When a devotee or yogi makes a life decision, how can he know whether he is impelled by past karma (including desires, fears, biases and the like) or whether it is truly the right thing (dharma) to do?

This is a difficult question to answer, especially when in the grip of emotions that surround the impulse to make an important decision. After all, a positive outlook, faith in God, and, indeed, good karma, can make a spiritual silk purse from a "sow's ear." We can find the good in anything that we do. But by the same token, we can also self-justify about anything we do from a spiritual perspective! We might fall back upon Krishna's promise in the Bhagavad Gita, to the devotee, "I will make good your deficiencies and render permanent your gains," to bail us out!

Yes, true enough: we can learn from our mistakes. Yes, we can use up some of our good karma as a devotee, too! But is it dharma to make spiritual mistakes? No, of course not. It is karma--obviously.

On the subject of karma, there's really no such thing as good or bad karma: only what we make of it. "All conditions are neutral," Paramhansa Yogananda, would is only our response to outward conditions that determines whether we grow spiritually (and work out karma in the process) or not.

For all of these reasons, therefore, it can be difficult to know karma from dharma. This is not an excuse, however, to do whatever one likes and call it "spiritual growth" or "my path" (which, of course, it also is). Having lived most of my adult life in one or the other Ananda intentional communities, I have seen my share of creative spiritual justifications for all sorts of behaviors.

It would be better, then, to calmly admit that one's desires or fears are compelling one to act a certain way rather than to imagine there's some deeper spiritual inspiration behind it. Yes, we'll be able to salvage some wisdom and grace from just about anything, but let's call it what it is.

Krishna explains to Arjuna (in the Bhagavad Gita) that it is very difficult to know what is right (dharmic) action. As Swami Kriyananda put it when the subject of whether a person should take one job or another, "God doesn't really care what you do. It's not WHAT you do but HOW (with what attitude) you do it!"

But again: do you see how tricky that can be? All I am saying, here, is that it is wiser (and more honest), to be calm enough to distinguish desire (or fear or bias) from inspiration or guidance. If your sincere attempt to do so fails to clearly yield an answer, well, fine: do the best you can. But you will grow in discernment immensely if, over time, you bring to bear the laser lens of introspection and intuition upon your actions and motives.

The big decisions are the ones I'm thinking about but, in truth, a million small ones are just as worthy of our attention --- short of being overly scrupulous. Discovering your desires and ego motivated actions isn't the end of the world: these are, in fact, our starting point. There are even times when it's simply easier to indulge than to make a big deal about it. But at least you do so consciously and in that, alone, you will gain the calmness and clarity that self-acceptance bestows.

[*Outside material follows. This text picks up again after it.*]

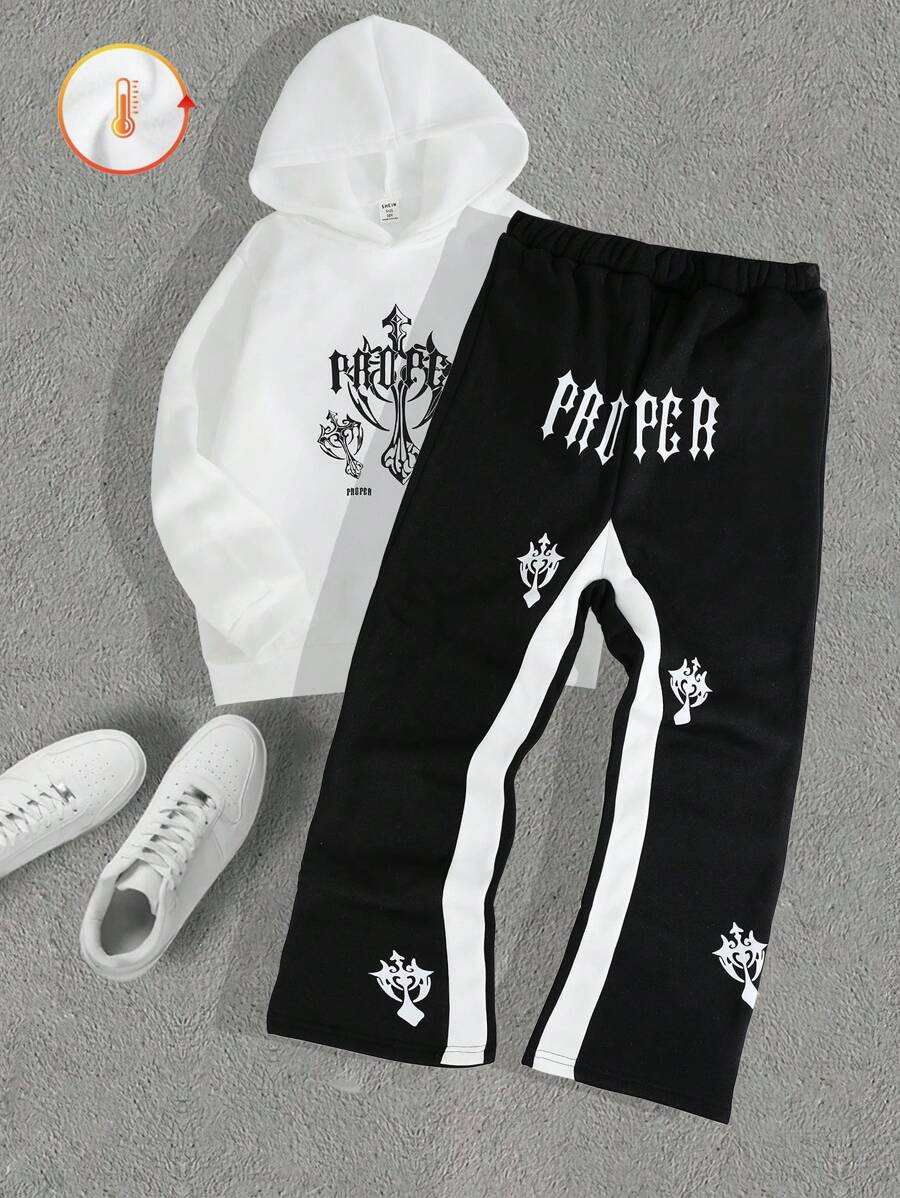 SHEIN Tween Boy 英文图案印花保暖内衬连帽运动衫，街头日常休闲外套，适合春秋季节 - 黑與白 - 查看 1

Acceptance can also help stave off the temptation to indulge first and then afterwards to wallow in guilt, thus imagining that guilt substitutes for reform and thus perpetuating a bad habit! (Furthermore and as a potential alternative, there's no point pointing out that suppression "availeth nothing," to quote Krishna.)

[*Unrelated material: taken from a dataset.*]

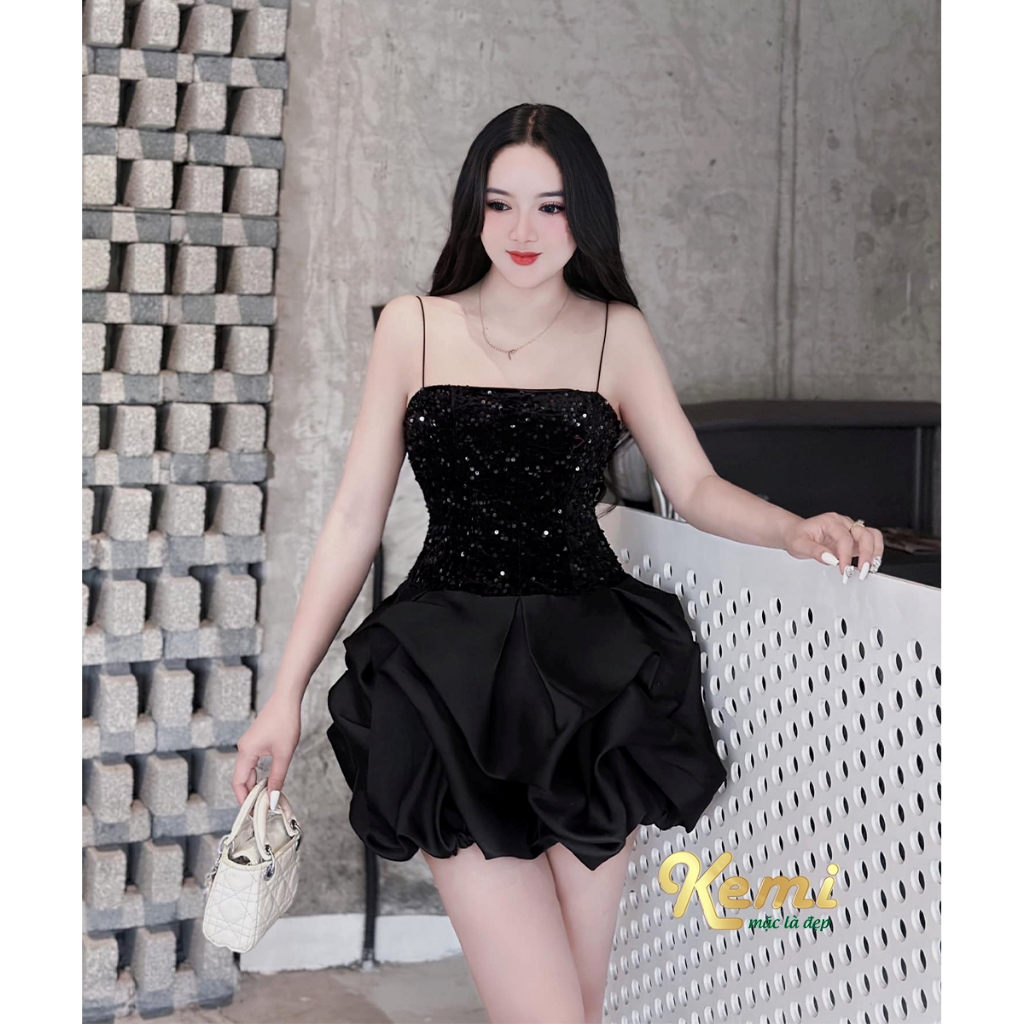 Váy thiết kế, đầm Tafta 2 dây phối kim sa bling highlight dáng A basic duyên dáng Kemi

When more important issues are at stake, this habit of introspection and self-honesty might well "save" your spiritual life from a karmic bomb from which even lifetimes could be sacrificed before you pick up again spiritually where you left off. Paramhansa Yogananda said of a disciple who left the ashram after yielding to temptation when only one more day of resistance would have brought success, "It will take lifetimes" before he returns to the path.

Leaving the spiritual path to follow the will 'o the wisp of desires masquerading as inspiration is a tragedy all too commonly encountered. Abandoning dharma in the name of a "higher" but desire-driven karma is a self-delusion too easily and all too frequently indulged.

If you err and later discover your error, then, that's the time for making a silk purse out of the sow's ear.

As a spiritual counselor to others, I am tempted to add the advice to seek counsel from someone you trust and feel has your highest, spiritual interests in mind. But in my training from Swami Kriyananda in regards to counseling others, I am cautious about going beyond what I sense a person is open to hearing. I'd rather have the person himself express insight into the right action because it comes from the person himself. I can then add my support.

But if I feel a person isn't yet self-aware or self-honest enough to see how his desires are influencing his decision (and even the questions he asks), I might say nothing at all. Or, I might only hint though this carries the obvious risk that the person might not get the point at all. So while counseling is of course a good thing, we can only "hear" what we are ready from within to recognize. There's no substitute, in other words, for introspection, self-awareness, and the habit of self-honesty.

The ounce of prevention, then, that I wish to share is the suggestion to develop the practice of introspection in minor matters in order that when the big ones come you will have the tools to distinguish dharma from karma!